Del principio de favorabilidad.  

Por  último,  en  cuanto  se  refiere  a la  aplicación  del  principio  de favorabilidad en razón de la vigencia de la Ley  599  de  2000,  como  la Corte no casará el fallo impugnado y, por lo tanto, no  puede  actuar como tribunal de instancia, su examen le corresponderá al juez de  ejecución  de  penas y medidas de seguridad, de acuerdo con el numeral 7º. del  artículo 79 del Código de Procedimiento Penal.   

          En  mérito  de  lo  expuesto la Sala de Casación Penal de la Corte  Suprema  de  Justicia,  administrando  Justicia en nombre de la República y por  autoridad de la Ley,   

RESUELVE   

NO   CASAR   la  sentencia impugnada.   

Contra  esta  decisión  no  procede recurso  alguno.   

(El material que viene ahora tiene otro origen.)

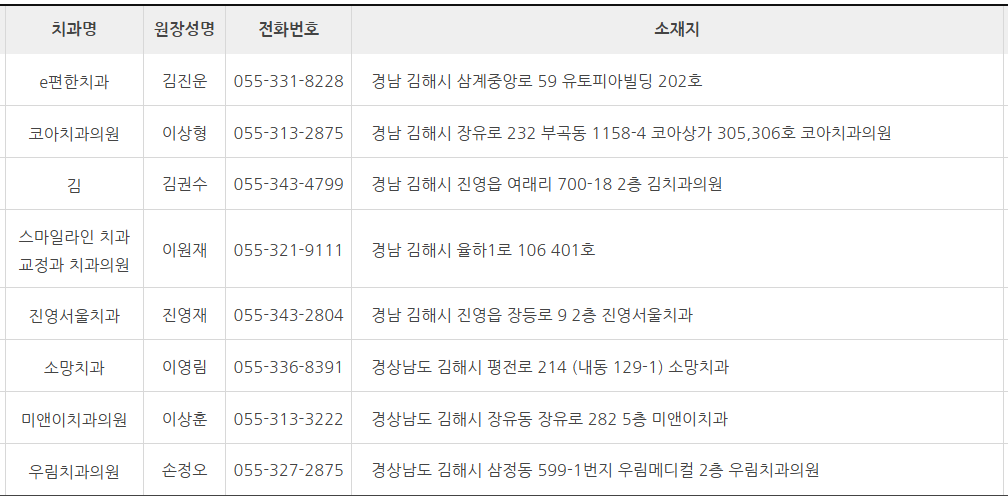 김해시 치과 잘하는 곳 추천 (대한치과 의사협회) 김해시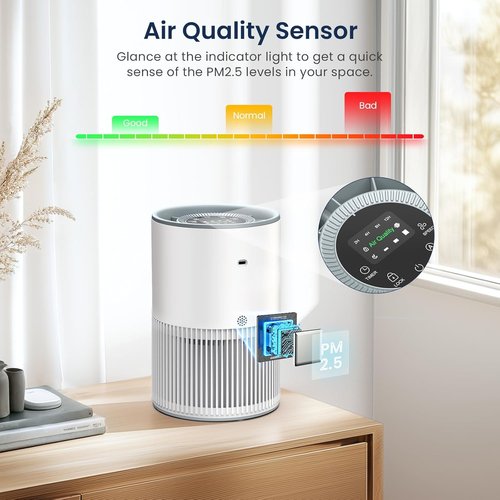 LUNINO H13 True HEPA Air Purifier - Large Room Coverage Up to 1200ft² | Fragrance Function & Air Quality Sensor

Cópiese,  notifíquese  y  devuélvase  al  Tribunal de origen.   

YESID RAMIREZ BASTIDAS  

FERNANDO  E.  ARBOLEDA  RIPOLL              HERMAN  GALÁN CASTELLANOS         

CARLOS   A.   GÁLVEZ  ARGOTE                                        JORGE A. GÓMEZ GALLEGO   

ÉDGAR   LOMBANA   TRUJILLO                                          ALVARO O. PEREZ PINZON   

MARINA   PULIDO   DE   BARON                              JORGE    L.    QUINTERO  MILANES   

                       

TERESA RUIZ NÚÑEZ  

Secretaria  

    

1 Cfr.,  entre  otros,  auto  del  11  de agosto de 1998, M. P. Ricardo Calvete Rangel, y  sentencias  del  26 de junio de 2002, radicado 13.226, M P. Jorge Aníbal Gómez  Gallego,  y  del  11  de  abril  de  2002,  radicado 12.579, M. P. Nilson Elías  Pinilla Pinilla.   

2  Sentencia  del 5 de febrero de 2002, radicado 14.397, M. P. Fernando E. Arboleda  Ripoll.  En  el  mismo  sentido pueden consultarse, para citar sólo algunas del  mismo  año,  las fechadas 31 de enero, radicado 13.307, M. P. Carlos A. Gálvez  Argote;  28  de  febrero,  radicado 12.282, M. P. Jorge A. Gómez Gallego; 14 de  marzo  del  2002,  radicado 9.794, M. P. Édgar Lombana Trujillo y 2 de mayo del  2002, radicado 11.021, M. P. Nilson E. Pinilla Pinilla.